▶ **ASSIGNMENT**: Exactly as written, retype the listing below, omitting the pictures.

___ PROVIDED MATERIAL ___

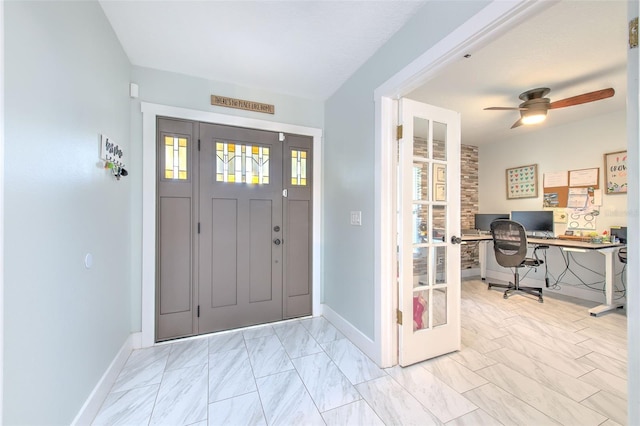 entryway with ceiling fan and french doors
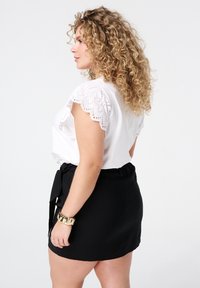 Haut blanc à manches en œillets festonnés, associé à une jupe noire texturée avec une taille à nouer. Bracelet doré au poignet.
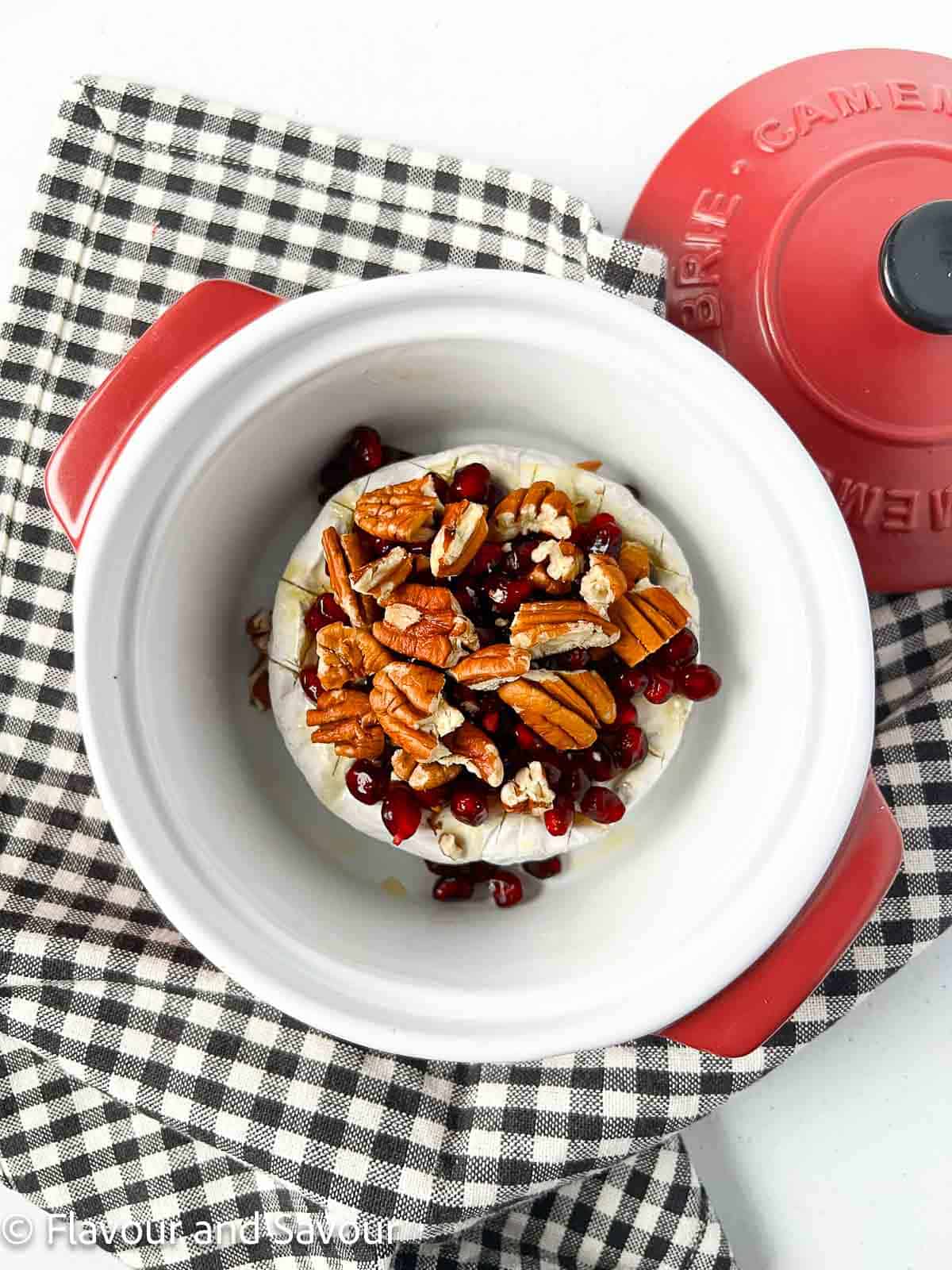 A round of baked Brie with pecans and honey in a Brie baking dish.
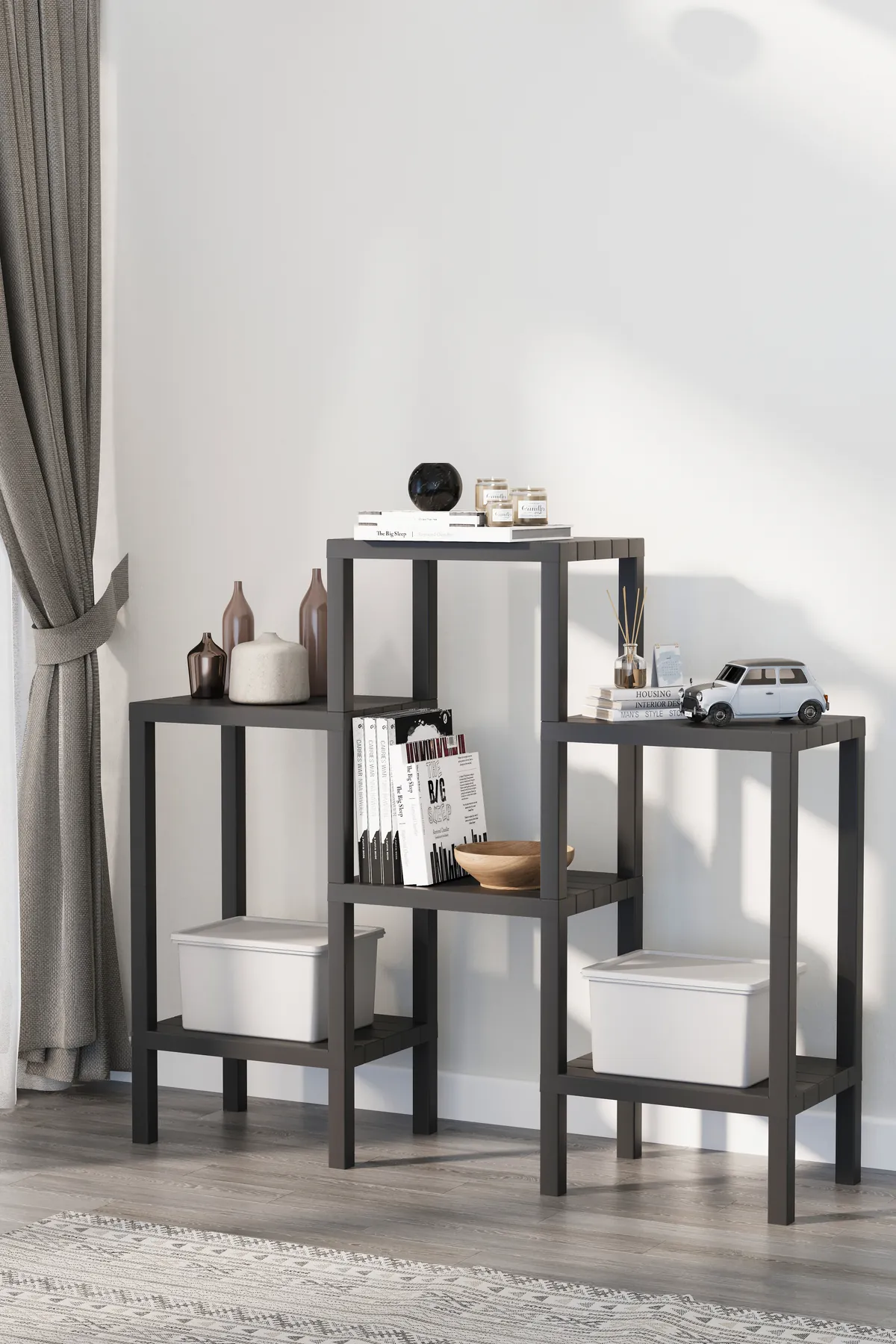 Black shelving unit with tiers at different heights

___

▶ **RESPONSE BOX**:
 entryway with ceiling fan and french doors
 Haut blanc à manches en œillets festonnés, associé à une jupe noire texturée avec une taille à nouer. Bracelet doré au poignet.
 A round of baked Brie with pecans and honey in a Brie baking dish.
 Black shelving unit with tiers at different heights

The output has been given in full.